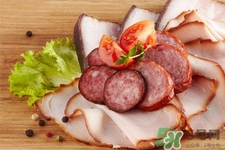 灌香腸配什么作料好吃？灌香腸需要放什么調(diào)料？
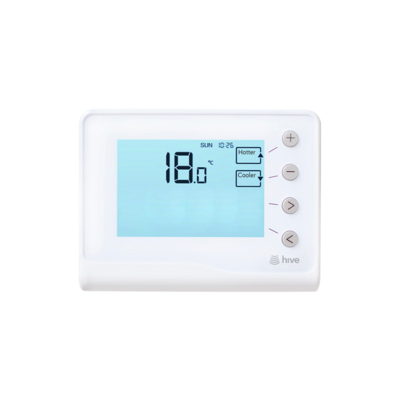 Hive Heating thermostat remote control
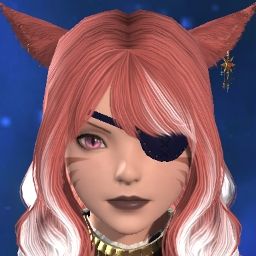 Nyxara Foxbane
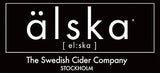 alska Strawberry & Lime Key Keg 20L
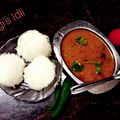 shivangi antani's cooksnap of when they made રવા ઈડલી (Rava Idli Recipe In Gujarati).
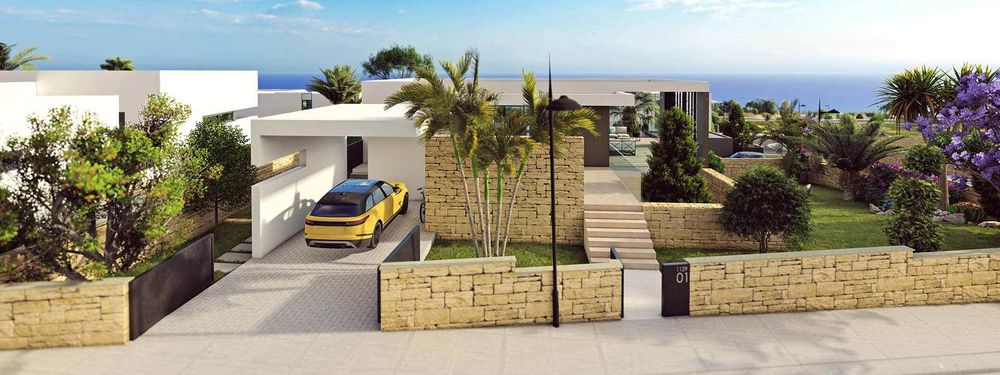 Viewpoint Hills - Villa No. 1253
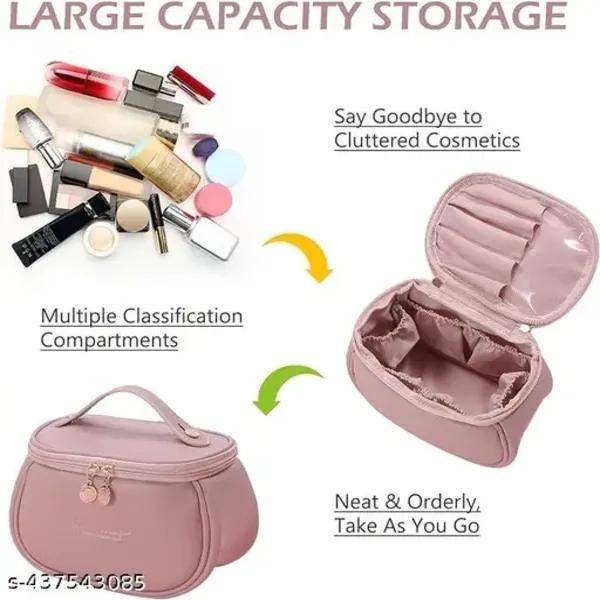 Makeup Storage Pouch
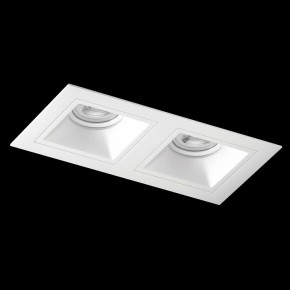 Встраиваемый светильник Lightstar Domino D5260606WMOD в Когалыме - kogalym.ok-mebel.com | фото 2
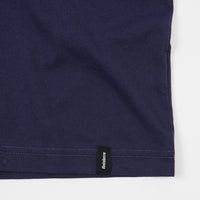 Finisterre Co-ordinates T-Shirt - Moonlight thumbnail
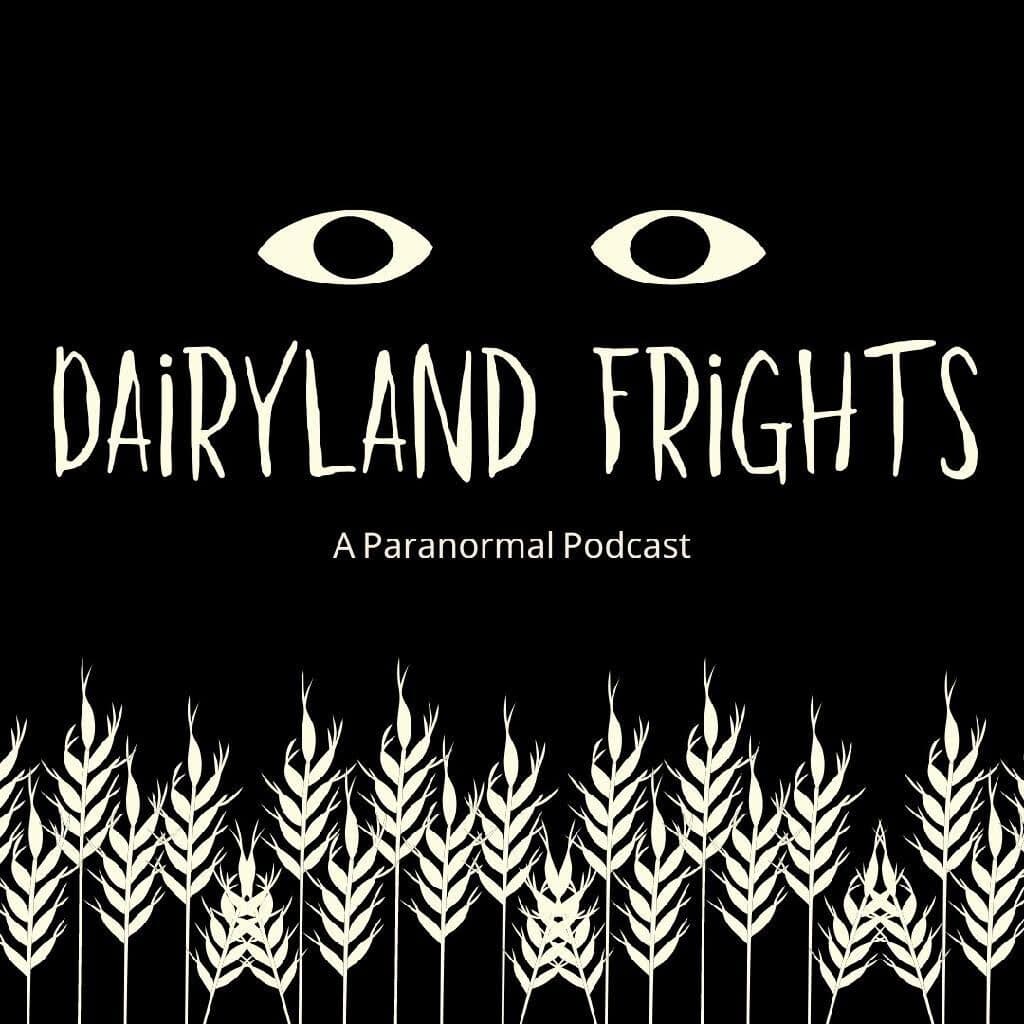 Dairyland Frights cover
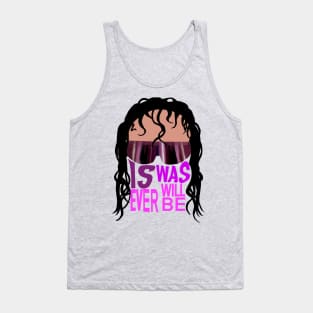 The Hitman Tank Top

□ □ □ □ □

Instructions to follow —
Please write out the lines above exactly, from the one that contains "alska Strawberry & Lime Key Keg 20L" through the final line, and include none of the pictures.

Answer box —
 alska Strawberry & Lime Key Keg 20L
 shivangi antani's cooksnap of when they made રવા ઈડલી (Rava Idli Recipe In Gujarati).
 Viewpoint Hills - Villa No. 1253
 Makeup Storage Pouch
 Встраиваемый светильник Lightstar Domino D5260606WMOD в Когалыме - kogalym.ok-mebel.com | фото 2
 Finisterre Co-ordinates T-Shirt - Moonlight thumbnail
 Dairyland Frights cover
 The Hitman Tank Top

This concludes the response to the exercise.